Task brief
Make an exact copy of the records below, leaving every image out.

Provided data

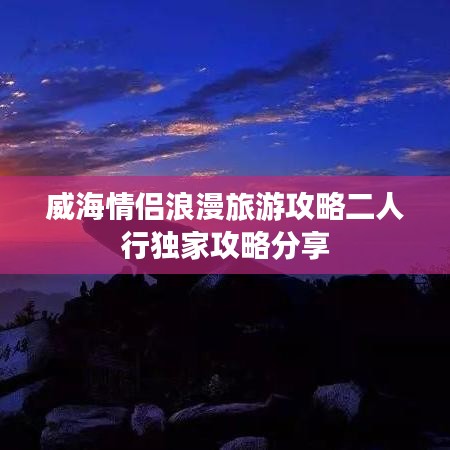 威海情侶浪漫旅游攻略二人行獨家攻略分享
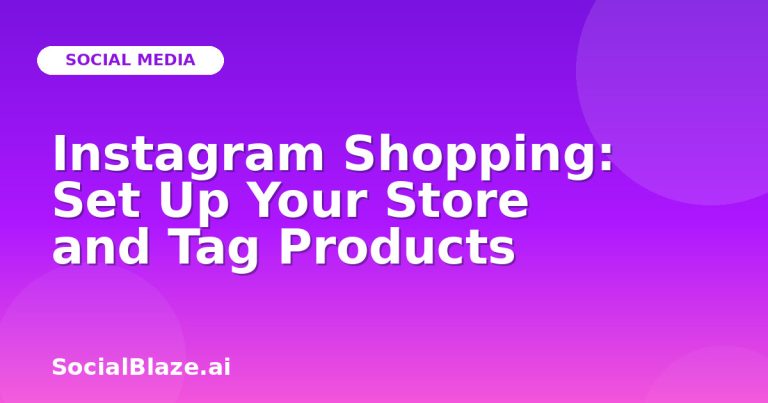 Instagram Shopping: Set Up Your Store And Tag Products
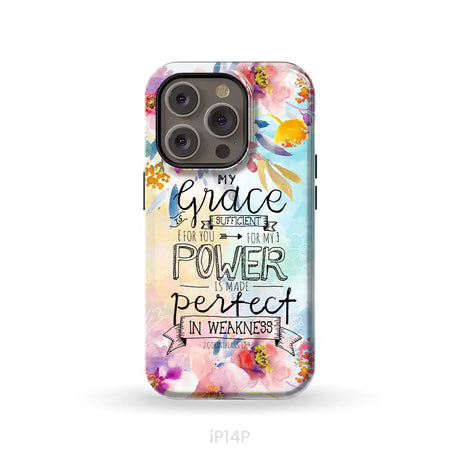 Bible verse phone cases: 2 Corinthians 12:9 My grace is sufficient for you phone case iPhone 14 Pro / Tough Case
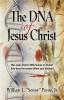 THE DNA of Jesus Christ: God's Traceable Identity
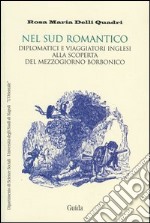 Nel Sud romantico. Diplomatici e viaggiatori inglesi alla scoperta del Mezzogiorno borbonico libro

Solution to the problem
 威海情侶浪漫旅游攻略二人行獨家攻略分享
 Instagram Shopping: Set Up Your Store And Tag Products
 Bible verse phone cases: 2 Corinthians 12:9 My grace is sufficient for you phone case iPhone 14 Pro / Tough Case
 THE DNA of Jesus Christ: God's Traceable Identity
 Nel Sud romantico. Diplomatici e viaggiatori inglesi alla scoperta del Mezzogiorno borbonico libro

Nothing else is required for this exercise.